Daily Cooking Quest

Kakitama Jiru - Beaten Egg Soup

Kakitama Jiru (かきたま汁) is the Japanese version of egg drop soup. The ingredients list to make this soup is really short: egg, dashi, soy sauce, ginger, potato starch (片栗粉), and some greens like chopped scallions, or if you have access to it, trefoil (三つ葉). I have been hunting down trefoil for a while in the bay area, and haven’t had the luck, so I simply used chopped scallions.

Kakitama Jiru - Beaten Egg Soup

Kakitama Jiru - Beaten Egg Soup

Author: Anita Jacobson




Prep Time: 10 mins

Cook Time: 10 mins

Total Time: 20 mins

Serves: 4


  • 2 1/2 cup dashi
  • 3/4 teaspoon salt
  • 2 teaspoon light soy sauce (Japanese: 薄口醤油) (*)
  • 2 eggs, lightly beaten
  • 1 teaspoon fresh ginger juice
  • 1 scallion, thinly sliced
  • Starch mixture (mix together)
  • 2 tablespoon potato starch (Japanese: 片栗粉) (**)
  • 2 tablespoon water


  1. Place dashi, salt, and light soy sauce in a soup pot.
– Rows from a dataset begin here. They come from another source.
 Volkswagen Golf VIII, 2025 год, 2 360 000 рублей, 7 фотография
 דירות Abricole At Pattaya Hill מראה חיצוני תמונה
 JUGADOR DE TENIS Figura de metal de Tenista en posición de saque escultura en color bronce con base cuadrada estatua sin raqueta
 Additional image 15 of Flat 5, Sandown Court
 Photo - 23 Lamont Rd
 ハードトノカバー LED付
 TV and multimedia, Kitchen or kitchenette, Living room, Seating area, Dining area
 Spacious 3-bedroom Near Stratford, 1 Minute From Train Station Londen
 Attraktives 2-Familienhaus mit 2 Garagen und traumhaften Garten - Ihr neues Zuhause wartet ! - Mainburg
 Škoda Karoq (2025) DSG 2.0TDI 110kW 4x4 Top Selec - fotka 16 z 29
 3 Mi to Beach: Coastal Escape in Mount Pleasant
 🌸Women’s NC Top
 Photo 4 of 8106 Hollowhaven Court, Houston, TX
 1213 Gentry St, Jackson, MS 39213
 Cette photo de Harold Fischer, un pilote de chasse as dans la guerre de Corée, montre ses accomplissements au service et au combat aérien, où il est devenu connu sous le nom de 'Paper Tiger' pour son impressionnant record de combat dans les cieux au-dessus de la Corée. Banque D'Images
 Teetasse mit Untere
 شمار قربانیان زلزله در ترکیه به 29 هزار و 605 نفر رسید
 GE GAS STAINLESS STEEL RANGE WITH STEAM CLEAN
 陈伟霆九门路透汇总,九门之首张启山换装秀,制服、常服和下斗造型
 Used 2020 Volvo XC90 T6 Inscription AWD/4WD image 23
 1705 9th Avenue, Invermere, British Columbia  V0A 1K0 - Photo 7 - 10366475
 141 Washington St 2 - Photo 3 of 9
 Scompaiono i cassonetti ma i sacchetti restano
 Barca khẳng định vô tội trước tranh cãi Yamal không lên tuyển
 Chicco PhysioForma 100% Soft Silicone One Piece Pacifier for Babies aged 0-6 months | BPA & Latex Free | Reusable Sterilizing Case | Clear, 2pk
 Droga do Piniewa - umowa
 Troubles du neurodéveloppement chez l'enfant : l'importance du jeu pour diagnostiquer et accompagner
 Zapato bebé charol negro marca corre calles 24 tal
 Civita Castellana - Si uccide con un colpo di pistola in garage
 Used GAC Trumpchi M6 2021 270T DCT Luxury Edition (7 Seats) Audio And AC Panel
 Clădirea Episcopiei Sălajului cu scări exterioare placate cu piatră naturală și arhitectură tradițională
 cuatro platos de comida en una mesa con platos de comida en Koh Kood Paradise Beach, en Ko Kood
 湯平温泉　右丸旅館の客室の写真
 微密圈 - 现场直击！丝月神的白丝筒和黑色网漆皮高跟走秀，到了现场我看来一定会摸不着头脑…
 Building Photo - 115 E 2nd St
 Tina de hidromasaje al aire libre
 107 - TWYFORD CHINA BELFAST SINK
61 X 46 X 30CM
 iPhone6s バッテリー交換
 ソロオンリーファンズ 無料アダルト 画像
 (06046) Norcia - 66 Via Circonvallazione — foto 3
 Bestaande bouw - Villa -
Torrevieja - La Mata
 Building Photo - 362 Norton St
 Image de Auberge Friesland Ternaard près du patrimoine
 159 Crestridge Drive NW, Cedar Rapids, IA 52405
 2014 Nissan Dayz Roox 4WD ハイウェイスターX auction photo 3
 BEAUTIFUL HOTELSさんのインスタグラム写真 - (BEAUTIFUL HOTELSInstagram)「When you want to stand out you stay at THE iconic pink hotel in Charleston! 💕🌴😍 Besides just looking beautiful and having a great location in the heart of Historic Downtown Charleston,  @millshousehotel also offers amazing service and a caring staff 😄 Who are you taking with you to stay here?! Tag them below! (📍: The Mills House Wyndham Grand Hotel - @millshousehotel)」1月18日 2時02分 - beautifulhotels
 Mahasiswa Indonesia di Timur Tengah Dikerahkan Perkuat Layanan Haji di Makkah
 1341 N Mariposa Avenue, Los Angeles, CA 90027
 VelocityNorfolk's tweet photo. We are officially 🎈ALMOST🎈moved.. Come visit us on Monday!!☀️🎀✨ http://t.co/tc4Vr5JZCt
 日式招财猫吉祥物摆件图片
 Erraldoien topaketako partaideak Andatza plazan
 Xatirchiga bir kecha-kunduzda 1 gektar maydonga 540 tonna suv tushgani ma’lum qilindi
Bring to a boil.
  2. Add starch mixture gradually to thicken the soup.
  3. Pour the beaten egg in a thin stream with one hand while the other hand stir the soup gently in a clockwise (or counter clockwise) direction.
  4. Add ginger juice and sliced scallions. Turn off heat and serve immediately.


  • (*) If using regular soy sauce, add the amount of salt (try 1 teaspoon), and 1 teaspoon of mirin.
  • (**) Can be substituted with corn starch.